Freshmen Brian Maurer and JT Shrout should provide some quality depth.

Running Back

The Vols struggled to get a ground game going last season, and this could be chalked up to quite a few reasons. This year, the running back stable might be one of the more talented on the team, and there likely won’t be a clear cut starter.

Ty Chandler and Tim Jordan will likely get the lion’s share of carries, like they did last season. Jordan led the team in carries, while Chandler led the running backs in total yards from scrimmage.

Behind those two, freshman early enrollee Eric Gray should see a lot of work. Though he spent most of the spring sidelined with an injury, the coaches have all sung his praises. He’s a versatile back with a style of play similar to Chandler’s.

Sophomore Jeremy Banks should factor into the rotation as well, though not as prominently, after an up-and-down freshman campaign.

Wide Receivers

The wideouts are Tennessee’s most veteran position group, with six upperclassmen. Marquez Callaway and Jauan Jennings, both seniors, are shoe-ins for starting roles. Jennings got most of his work in the slot this spring, and he’s healthier than he has been in a couple of years.

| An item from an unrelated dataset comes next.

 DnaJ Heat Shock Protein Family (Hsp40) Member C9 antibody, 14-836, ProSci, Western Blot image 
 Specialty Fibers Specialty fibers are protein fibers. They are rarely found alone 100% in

Junior Josh Palmer should start out-wide opposite of Callaway. He started eight games last year, and was named the offense’s most improved player following spring practice. He’ll give the passing game a legitimate deep threat.

Jordan Murphy, Brandon Johnson, and Tyler Byrd are other veterans that should factor into the rotation, though they likely won’t start.

Tight ends

Tennessee’s tight ends were almost invisible last season, combining for just 225 receiving yards. The leader of that group was Dominick Wood-Anderson, with 140 of those yards, and he’ll be number one on the depth chart again this year.

He’s a good mix of size and athleticism, and though he didn’t flash in the passing game, he’s a solid blocking tight end and fits Pruitt’s mold. Behind Wood-Anderson, Jackson Lowe, another early enrollee, should see a lot of early run.

Lowe flashed in Tennessee’s spring game, despite fumbling away a long pass, and he got a lot of run starting with the second team. Austin Pope is another name to watch there, despite his struggles last year.

Offensive line

Like seemingly every year, the Vols’ offensive line struggle last season, and it was plagued with injuries. There is some hope this year, though, with some veterans returning, and promising newcomers joining the program.

Freshman Wanya Morris got a lot of run of left tackle, and will hold the one-spot there come fall. Beside him, Jahmir Johnson will likely start at left guard, given that Trey Smith will be unable to return.

Brandon Kennedy was granted a medical redshirt last year after tearing his ACL, and he’ll resume his role as starting center. Ryan Johnson would be the next man up if Kennedy gets injured once more.

Johnson could hold down the right guard spot as well, though K’Rojhn Calbert should hold that position, allowing Johnson to focus on playing center.

While there’s a few options at right tackle, Darnell Wright, Tennessee’s capstone signee in the 2019 class, will enroll this summer, and should have the starting spot there when the preseason rolls around. Marcus Tatum will be the next man up there, having held that position last year.